論 考

危機か、団円か!

 1995年に米国で設立されたNGOの国際シンクタンク「国際危機グループ」(ICG International Crisis Watch 本部ブリュッセル)が、米国大統領選に向けて暴力のリスク管理が必要だと警鐘を鳴らしている。

 従来ICGが危機管理の対象としてきたのは、紛争のある国がほとんどで、民主主義先進国の、それも選挙について暴力のリスク管理を訴えるなど異例中の異例である。

 投票日を控えた米国は世論が二極化しており、インターネットを通じてフェイク情報が飛び交っている。自分と異なる主張に対して憎悪が高まっており、人種差別問題による摩擦もある。

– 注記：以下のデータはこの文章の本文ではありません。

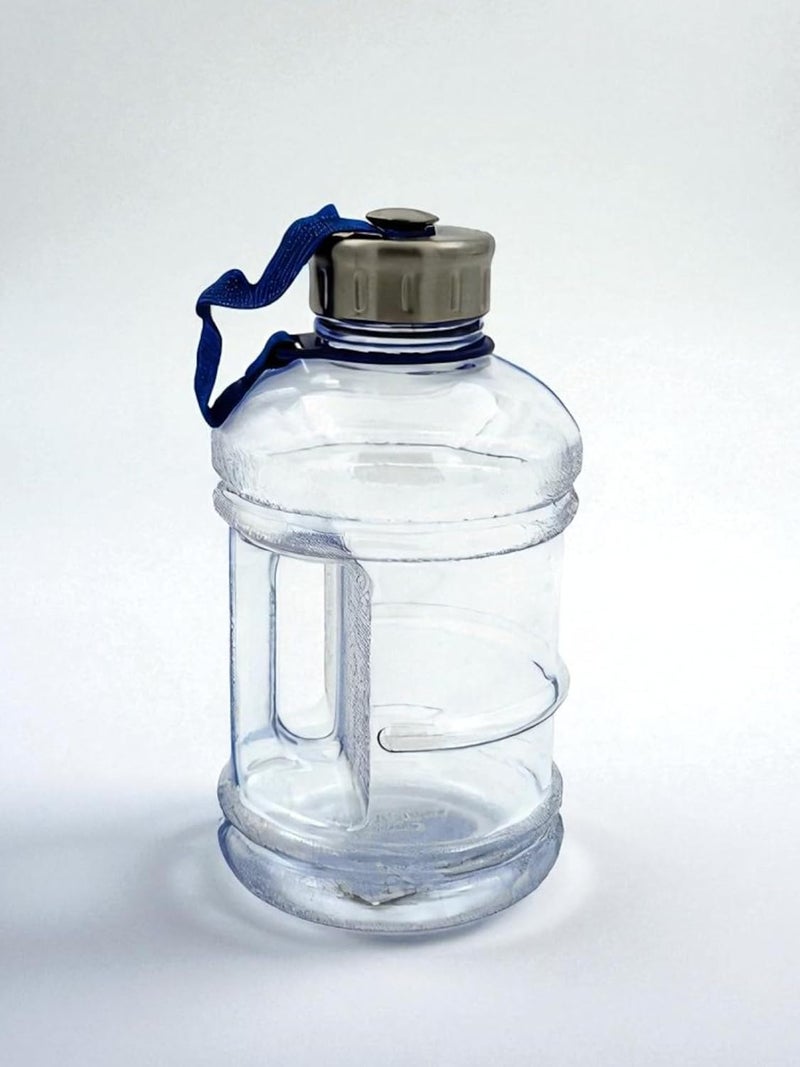 B&D زجاجة بلاستيكية سعة 1 لتر مع مقبض من B&D - Image 2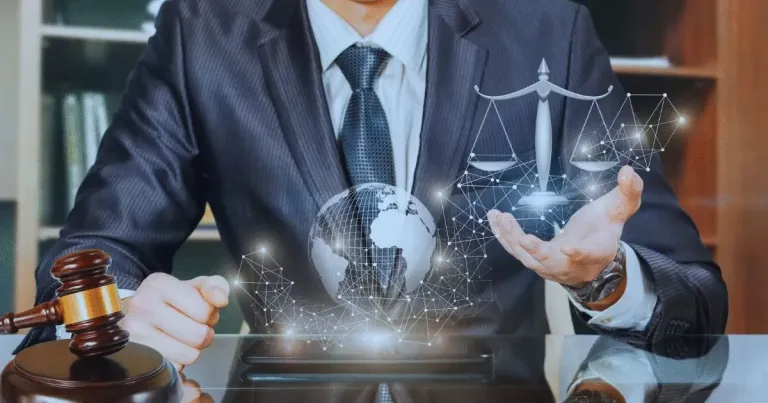 Patent Agent Legal Services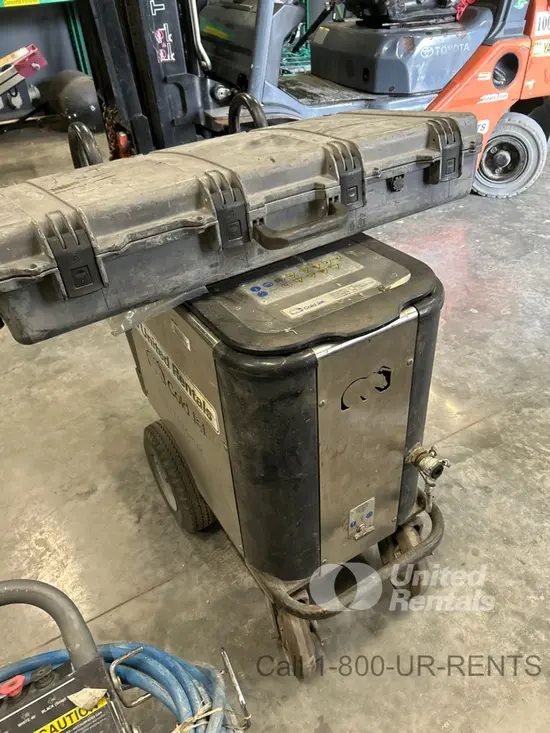 2018 Cold Jet Aero 40FP Air Tool Accessory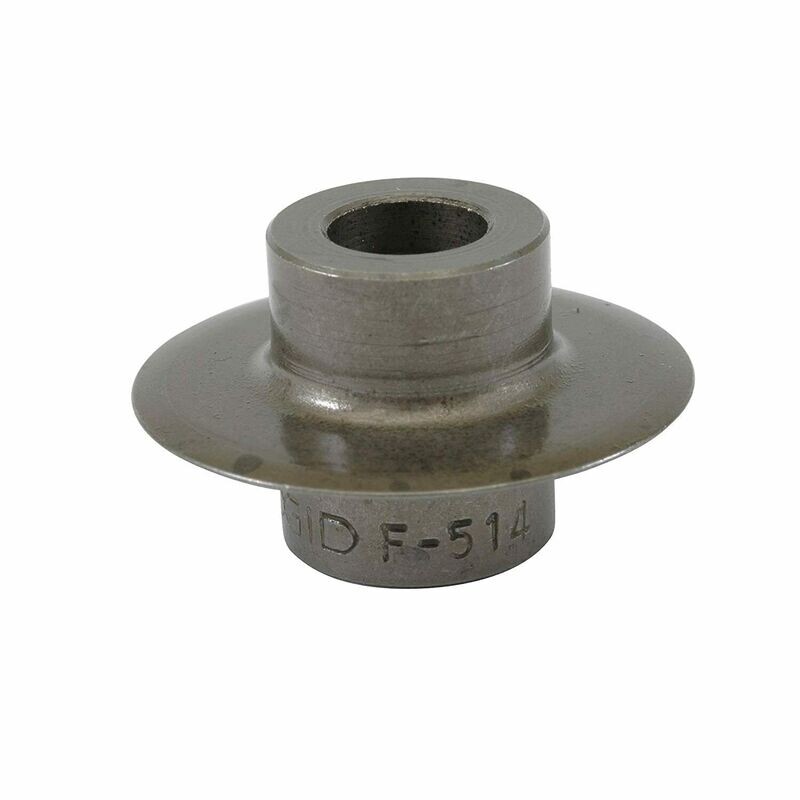RIDGID ROTELLA F-514 PER TAGLIATUBI ACCIAIO
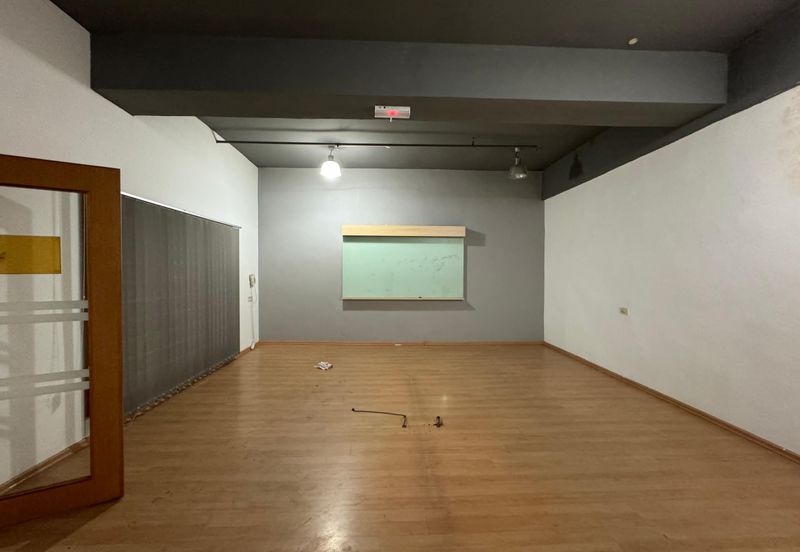 Kawasan Perindustrian Tampoi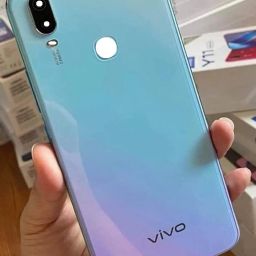 AL HAYY TRADERS VIVO Y 11 ORIGINAL Full Panel-27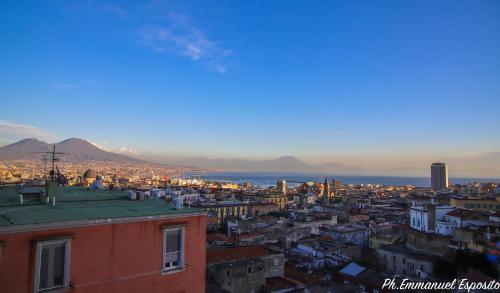 B&B Nel Regno di Napoli, Neapel (Foto 8)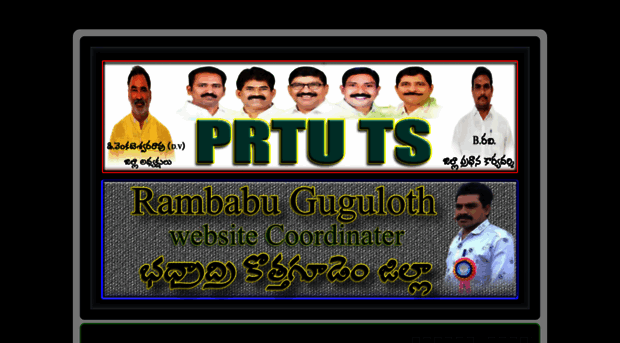 prturambabu.blogspot.com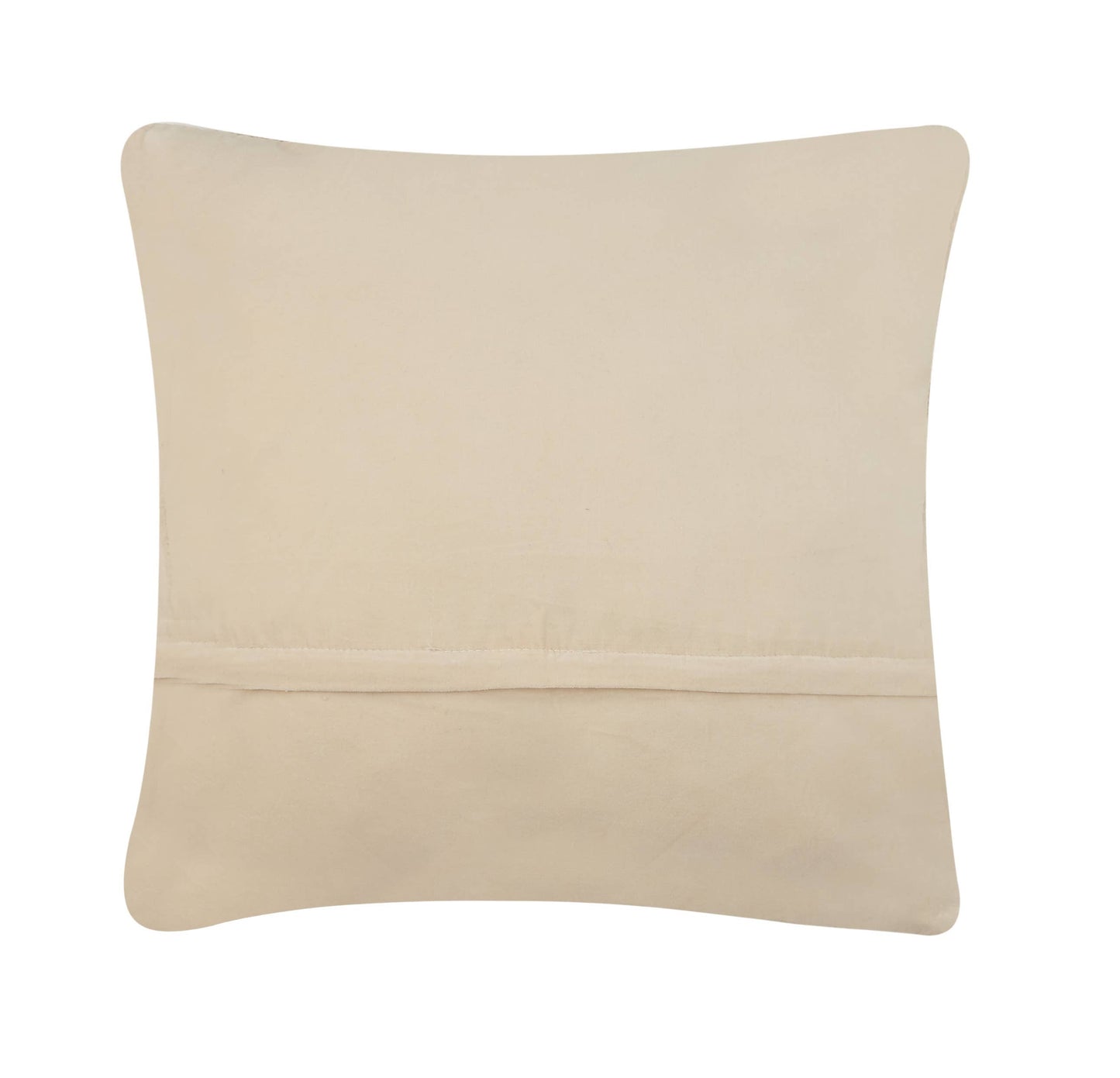 Peking Handicraft - Golden Lab Canoeing Hook Pillow - PMA Store at the Portland Museum of Art, Maine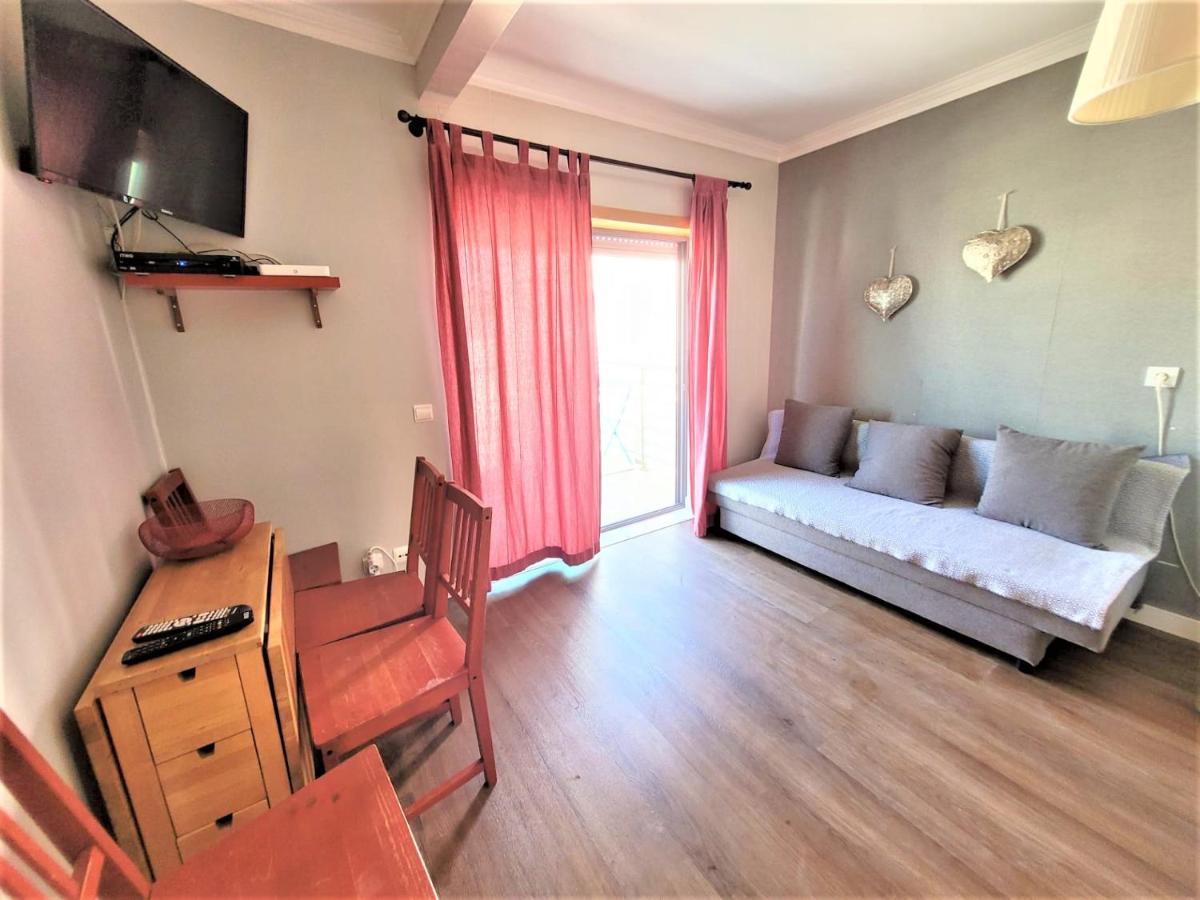 Apartament Ritta'S House Albufeira Zewnętrze zdjęcie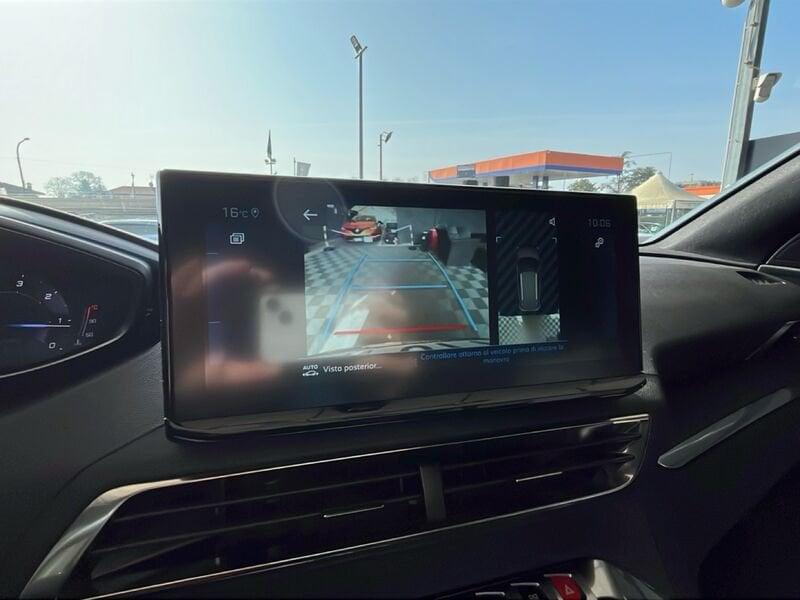 Peugeot 3008 3008 BlueHDi 130 S&S EAT8 Allure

 選挙戦が接戦になると予想されるが、トランプ氏は、結果に対して異議申し立てをする動きをしており、さらに選挙投票に対する監視軍団を呼びかけた。郵便投票の信頼性を理由なく貶めた。これらはトランプ氏が個人的利益を追求することに責任がある。

 諸外国は、選挙が終わっても、確定して制度上のプロセスが軌道に乗るまでは、当選者に対する祝電を打つべきではないとも主張する。これは、トランプ氏が勝手に勝利宣言することを予想したものである。

 バイデン氏は選挙演説で「混乱はもう終わりだ! ツイート、怒り、憎しみ、失敗、無責任はもう終わりだ」と語ったが、11月3日後直ちに大統領が決まる見通しはないみたいである。

 混乱を起こさない鍵は共和党人士にある。トランプ氏と心中するような無謀なことがないように期待する。